? On R.E.O. effecting banks required reserves - Posted by Jeff Denney

Posted by Ed Garcia on December 05, 1999 at 01:19:18:


What you are talking about, is when a bank has a foreclosure or delinquent account.
They have to post a reserve that gets counted against their capitalization. What that
means, is each bank is capitalized and can take in a certain % of deposits against that
capitalization. For example: If The bank had a $100,000 in capital and their ratio is
lets say 16 to 1. They can take in $1,600,000 in deposits to lend out at a higher rate.
So obviously they don’t want to post any reserve.

That’s how they make their money. They borrow it or pay you the depositor a yield on
the money, and then lend it out at a higher rate.

After telling you that, if I were working the bank on a REO, I wouldn’t even bring
that up. I would just tell them that you would like to buy their REO because you feel
it would be a win-win situation.

You win because you got a nice deal on a house, and they win because they got rid of
a delinquent account.

Ed Garcia

? On R.E.O. effecting banks required reserves - Posted by Jeff Denney

Posted by Jeff Denney on December 04, 1999 at 22:49:47:

I am negotiating with the bank on a home they will soon be taking back in foreclosure. I would like to use the argument that if they take this property back , it now becomes a $100,000 liability (repossesed home) instead of a $100,000 asset (preforming loan)and if it is a liability they cannot loan out $1,000,000 they otherwise would be able to loan because it reduces there reserves they are required to keep on hand ( aproximatly 10%)
Is this correct? Could you explain in detail how you would present the figures if correct? Don’t want to sound stupid.
Thanks so much,

Who are you dealing with? - Posted by NJDave

Posted by NJDave on December 05, 1999 at 10:45:07:

In the complex arena of mortgage loan servicing, there are mortgage pool investors, loan servicers, master servicers, PMI companies, etc.

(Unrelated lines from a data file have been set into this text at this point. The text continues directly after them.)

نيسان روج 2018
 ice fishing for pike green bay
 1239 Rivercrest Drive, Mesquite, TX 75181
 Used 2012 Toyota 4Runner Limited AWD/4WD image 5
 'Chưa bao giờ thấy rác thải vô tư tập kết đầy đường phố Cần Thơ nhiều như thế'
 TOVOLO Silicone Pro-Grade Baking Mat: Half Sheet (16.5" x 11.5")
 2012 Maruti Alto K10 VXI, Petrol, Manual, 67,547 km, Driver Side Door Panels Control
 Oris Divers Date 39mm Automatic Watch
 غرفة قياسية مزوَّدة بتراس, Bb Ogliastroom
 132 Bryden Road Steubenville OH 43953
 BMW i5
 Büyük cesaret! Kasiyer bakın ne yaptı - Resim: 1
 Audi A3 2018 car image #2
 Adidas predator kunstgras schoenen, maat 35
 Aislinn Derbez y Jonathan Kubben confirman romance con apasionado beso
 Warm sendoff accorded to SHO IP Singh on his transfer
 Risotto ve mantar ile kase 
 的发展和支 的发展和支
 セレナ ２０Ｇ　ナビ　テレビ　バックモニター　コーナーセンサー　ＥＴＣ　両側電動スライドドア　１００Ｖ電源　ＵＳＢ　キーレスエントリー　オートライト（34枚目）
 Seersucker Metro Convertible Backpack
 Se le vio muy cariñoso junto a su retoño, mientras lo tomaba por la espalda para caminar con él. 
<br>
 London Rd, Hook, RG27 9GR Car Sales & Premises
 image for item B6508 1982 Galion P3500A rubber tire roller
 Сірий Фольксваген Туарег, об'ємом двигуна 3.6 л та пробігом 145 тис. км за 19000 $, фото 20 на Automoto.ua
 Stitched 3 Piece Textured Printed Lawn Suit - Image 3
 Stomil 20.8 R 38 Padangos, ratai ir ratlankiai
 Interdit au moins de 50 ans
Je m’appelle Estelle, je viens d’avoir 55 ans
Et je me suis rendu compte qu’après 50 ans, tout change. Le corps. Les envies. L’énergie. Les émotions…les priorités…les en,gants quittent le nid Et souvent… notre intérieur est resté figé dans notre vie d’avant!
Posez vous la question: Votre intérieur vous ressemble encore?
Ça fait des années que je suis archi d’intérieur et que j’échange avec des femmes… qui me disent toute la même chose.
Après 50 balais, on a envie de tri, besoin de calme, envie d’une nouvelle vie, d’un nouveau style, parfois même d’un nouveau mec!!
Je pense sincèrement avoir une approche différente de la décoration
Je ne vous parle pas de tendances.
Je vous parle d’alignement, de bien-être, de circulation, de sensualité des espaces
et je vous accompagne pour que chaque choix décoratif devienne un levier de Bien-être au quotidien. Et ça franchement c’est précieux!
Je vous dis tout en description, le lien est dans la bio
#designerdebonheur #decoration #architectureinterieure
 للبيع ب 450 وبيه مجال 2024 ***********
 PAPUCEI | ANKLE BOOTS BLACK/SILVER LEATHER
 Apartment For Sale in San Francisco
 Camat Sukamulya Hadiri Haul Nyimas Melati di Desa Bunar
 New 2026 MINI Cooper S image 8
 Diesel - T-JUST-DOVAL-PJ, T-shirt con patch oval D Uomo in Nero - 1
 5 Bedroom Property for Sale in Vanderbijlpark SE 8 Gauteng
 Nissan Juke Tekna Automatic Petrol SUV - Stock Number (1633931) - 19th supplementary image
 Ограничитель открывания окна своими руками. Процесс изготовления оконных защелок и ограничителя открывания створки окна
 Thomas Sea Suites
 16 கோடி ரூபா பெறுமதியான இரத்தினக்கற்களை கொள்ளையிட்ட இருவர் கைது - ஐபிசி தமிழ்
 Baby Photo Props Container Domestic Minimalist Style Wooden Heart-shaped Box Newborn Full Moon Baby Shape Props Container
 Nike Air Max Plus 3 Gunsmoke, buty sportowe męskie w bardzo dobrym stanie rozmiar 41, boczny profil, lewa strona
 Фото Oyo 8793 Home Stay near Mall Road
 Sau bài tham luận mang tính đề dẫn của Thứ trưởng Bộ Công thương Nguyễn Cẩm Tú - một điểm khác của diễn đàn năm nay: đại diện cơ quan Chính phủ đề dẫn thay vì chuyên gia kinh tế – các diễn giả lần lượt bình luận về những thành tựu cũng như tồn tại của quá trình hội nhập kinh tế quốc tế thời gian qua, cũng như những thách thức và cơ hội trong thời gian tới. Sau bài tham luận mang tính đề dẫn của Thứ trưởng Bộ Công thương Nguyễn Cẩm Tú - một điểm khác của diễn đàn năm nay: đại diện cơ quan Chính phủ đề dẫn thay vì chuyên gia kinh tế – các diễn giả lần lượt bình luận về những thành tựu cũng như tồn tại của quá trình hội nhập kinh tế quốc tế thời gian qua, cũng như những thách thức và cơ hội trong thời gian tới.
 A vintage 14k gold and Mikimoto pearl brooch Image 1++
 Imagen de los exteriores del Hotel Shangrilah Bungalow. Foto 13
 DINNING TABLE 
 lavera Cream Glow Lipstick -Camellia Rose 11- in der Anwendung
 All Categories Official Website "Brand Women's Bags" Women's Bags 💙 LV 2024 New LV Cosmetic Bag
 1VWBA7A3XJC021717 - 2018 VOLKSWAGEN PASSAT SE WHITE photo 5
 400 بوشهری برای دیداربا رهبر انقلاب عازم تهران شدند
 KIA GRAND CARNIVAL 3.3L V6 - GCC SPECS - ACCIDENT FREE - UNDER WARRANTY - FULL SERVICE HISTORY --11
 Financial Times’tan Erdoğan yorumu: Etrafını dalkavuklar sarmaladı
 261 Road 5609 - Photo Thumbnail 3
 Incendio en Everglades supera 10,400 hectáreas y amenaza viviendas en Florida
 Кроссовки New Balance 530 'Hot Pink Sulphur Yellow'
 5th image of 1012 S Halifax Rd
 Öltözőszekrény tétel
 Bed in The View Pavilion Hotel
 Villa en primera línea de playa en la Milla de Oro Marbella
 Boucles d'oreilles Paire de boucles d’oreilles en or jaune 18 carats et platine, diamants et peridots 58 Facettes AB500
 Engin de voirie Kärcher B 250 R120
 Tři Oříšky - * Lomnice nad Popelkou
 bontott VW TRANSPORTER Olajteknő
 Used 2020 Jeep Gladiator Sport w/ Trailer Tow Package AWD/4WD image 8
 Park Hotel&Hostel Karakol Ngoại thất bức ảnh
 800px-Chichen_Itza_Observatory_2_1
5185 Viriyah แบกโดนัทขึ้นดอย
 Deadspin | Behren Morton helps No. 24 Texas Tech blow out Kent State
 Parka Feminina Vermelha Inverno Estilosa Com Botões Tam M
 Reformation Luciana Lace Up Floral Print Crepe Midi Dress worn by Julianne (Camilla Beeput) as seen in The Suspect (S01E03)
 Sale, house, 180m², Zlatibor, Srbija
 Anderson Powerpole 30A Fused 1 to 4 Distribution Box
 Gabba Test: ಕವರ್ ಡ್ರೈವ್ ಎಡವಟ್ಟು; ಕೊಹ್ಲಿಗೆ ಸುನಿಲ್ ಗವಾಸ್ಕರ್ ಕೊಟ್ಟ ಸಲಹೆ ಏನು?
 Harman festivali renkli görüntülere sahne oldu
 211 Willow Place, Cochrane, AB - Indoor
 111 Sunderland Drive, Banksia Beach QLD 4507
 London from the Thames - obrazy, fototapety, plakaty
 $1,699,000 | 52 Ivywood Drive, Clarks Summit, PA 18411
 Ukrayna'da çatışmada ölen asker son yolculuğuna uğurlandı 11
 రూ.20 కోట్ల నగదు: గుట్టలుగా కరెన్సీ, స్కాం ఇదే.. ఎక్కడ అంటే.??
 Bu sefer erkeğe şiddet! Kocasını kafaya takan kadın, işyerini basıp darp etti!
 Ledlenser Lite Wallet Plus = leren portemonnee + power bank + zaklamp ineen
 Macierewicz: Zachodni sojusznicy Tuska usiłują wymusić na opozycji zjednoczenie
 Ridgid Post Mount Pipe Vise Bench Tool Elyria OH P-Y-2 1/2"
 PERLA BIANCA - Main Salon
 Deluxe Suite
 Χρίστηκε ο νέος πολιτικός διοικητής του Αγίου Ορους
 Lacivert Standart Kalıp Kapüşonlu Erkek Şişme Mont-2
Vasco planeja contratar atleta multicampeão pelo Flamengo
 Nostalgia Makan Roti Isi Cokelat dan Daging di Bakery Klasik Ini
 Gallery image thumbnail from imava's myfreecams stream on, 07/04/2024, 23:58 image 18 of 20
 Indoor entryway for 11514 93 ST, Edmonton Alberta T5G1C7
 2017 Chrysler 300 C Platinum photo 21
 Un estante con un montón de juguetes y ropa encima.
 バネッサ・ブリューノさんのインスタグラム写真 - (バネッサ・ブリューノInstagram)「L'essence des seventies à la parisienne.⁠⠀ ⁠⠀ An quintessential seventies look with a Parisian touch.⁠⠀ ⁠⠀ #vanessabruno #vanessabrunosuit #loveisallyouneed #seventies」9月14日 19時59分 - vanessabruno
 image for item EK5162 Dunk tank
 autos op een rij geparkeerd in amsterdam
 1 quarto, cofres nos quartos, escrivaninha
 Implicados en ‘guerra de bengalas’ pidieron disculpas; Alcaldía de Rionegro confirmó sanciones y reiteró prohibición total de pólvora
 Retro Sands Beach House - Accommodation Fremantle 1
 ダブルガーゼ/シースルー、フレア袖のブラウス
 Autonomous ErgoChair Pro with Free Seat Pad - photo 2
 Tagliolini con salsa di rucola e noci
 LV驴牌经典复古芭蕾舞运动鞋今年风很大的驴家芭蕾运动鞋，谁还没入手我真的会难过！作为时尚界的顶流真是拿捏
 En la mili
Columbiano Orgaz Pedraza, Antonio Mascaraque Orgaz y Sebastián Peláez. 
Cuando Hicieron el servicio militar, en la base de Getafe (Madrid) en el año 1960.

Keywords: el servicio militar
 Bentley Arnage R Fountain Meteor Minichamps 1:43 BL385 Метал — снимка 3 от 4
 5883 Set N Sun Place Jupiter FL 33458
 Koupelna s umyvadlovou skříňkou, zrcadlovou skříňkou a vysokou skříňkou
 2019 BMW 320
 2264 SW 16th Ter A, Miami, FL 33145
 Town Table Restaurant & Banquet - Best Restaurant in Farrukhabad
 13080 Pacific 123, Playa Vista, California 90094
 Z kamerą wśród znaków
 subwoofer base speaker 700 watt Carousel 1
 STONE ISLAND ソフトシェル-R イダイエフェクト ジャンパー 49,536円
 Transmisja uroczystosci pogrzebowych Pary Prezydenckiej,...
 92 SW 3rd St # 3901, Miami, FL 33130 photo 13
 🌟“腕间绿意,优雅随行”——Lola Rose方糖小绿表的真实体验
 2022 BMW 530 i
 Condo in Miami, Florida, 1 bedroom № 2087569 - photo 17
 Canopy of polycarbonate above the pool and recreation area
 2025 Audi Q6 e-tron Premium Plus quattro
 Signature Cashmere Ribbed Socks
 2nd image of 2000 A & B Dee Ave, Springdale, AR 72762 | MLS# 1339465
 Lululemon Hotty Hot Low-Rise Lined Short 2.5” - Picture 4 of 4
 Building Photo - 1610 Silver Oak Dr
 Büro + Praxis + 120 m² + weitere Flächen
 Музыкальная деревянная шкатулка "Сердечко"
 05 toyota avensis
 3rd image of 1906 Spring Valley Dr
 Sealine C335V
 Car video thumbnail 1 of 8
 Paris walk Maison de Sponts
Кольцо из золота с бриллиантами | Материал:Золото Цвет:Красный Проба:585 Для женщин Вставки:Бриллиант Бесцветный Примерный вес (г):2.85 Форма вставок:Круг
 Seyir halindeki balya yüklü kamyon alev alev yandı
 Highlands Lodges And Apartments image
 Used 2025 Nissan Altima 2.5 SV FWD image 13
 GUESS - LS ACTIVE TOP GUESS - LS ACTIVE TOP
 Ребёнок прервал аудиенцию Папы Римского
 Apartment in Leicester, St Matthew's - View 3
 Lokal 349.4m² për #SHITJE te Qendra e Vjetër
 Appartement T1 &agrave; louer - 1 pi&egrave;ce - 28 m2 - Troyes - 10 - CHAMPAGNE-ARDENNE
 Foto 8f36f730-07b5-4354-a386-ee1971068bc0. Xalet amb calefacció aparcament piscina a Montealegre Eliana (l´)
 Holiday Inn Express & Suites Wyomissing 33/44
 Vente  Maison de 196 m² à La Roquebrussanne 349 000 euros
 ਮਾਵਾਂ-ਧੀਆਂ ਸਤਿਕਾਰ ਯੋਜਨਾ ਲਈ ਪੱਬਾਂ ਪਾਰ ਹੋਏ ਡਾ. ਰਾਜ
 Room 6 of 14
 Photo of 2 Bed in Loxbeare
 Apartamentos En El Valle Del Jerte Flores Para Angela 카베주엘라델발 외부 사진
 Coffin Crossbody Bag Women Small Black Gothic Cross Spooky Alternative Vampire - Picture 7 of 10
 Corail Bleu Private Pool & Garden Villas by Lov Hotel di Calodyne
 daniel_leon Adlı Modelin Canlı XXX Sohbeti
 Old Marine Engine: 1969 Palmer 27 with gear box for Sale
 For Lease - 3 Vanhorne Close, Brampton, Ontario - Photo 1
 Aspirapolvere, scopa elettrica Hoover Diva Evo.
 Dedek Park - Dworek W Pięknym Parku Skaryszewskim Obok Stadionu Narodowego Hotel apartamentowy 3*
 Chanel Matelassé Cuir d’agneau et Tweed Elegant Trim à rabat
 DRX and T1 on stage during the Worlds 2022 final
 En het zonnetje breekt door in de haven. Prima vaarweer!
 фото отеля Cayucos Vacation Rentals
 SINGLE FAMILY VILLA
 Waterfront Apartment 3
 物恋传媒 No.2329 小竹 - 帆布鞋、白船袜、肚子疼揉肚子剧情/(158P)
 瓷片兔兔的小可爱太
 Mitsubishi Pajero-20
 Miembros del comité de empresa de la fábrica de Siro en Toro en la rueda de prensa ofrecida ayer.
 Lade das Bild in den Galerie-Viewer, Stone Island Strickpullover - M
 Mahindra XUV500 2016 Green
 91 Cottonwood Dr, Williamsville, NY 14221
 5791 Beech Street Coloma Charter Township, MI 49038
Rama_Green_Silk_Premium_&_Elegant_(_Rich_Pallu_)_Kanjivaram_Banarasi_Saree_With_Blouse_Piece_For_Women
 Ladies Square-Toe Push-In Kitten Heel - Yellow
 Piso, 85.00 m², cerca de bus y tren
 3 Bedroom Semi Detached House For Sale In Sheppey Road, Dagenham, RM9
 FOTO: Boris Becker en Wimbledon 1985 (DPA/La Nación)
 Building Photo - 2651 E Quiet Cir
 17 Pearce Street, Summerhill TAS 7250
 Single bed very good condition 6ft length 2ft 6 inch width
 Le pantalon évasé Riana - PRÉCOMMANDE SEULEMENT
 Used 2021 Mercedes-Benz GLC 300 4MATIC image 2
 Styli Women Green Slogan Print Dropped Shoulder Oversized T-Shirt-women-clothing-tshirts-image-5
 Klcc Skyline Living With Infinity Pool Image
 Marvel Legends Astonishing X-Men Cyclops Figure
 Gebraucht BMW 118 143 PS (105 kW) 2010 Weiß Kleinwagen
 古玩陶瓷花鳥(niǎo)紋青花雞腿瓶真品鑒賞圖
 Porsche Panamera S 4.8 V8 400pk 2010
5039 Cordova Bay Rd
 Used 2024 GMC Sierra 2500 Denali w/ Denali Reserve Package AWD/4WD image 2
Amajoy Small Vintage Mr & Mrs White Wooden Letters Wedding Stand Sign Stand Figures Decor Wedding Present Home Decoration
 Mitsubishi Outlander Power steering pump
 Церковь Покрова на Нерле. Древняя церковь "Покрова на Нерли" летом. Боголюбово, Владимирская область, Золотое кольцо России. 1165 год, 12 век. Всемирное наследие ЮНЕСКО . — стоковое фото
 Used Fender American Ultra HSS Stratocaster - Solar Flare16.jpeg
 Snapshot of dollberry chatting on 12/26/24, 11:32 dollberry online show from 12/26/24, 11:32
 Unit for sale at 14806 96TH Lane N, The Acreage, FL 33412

If you are in negotiations with a bank who holds their mortgages versus selling their mortgages, then your strategy might work. But if you are negotiating with a third party mortgage loan servicer… that argumnent had better be used to augment a more comprehensive proposal.

Re: ? On R.E.O. effecting banks required reserves - Posted by Irwin

Posted by Irwin on December 05, 1999 at 08:33:06:

I agree with Ed. G. Unless it is a very small bank (are there any of those left?), the person you will be dealing with probably has no idea of what the bank’s reserve situation is. His job is to get the most return he can get out of the delinquent loan. S/he also might not have anything to do with creating loans, so that approach might not work. Stick to the factual basis for your offer.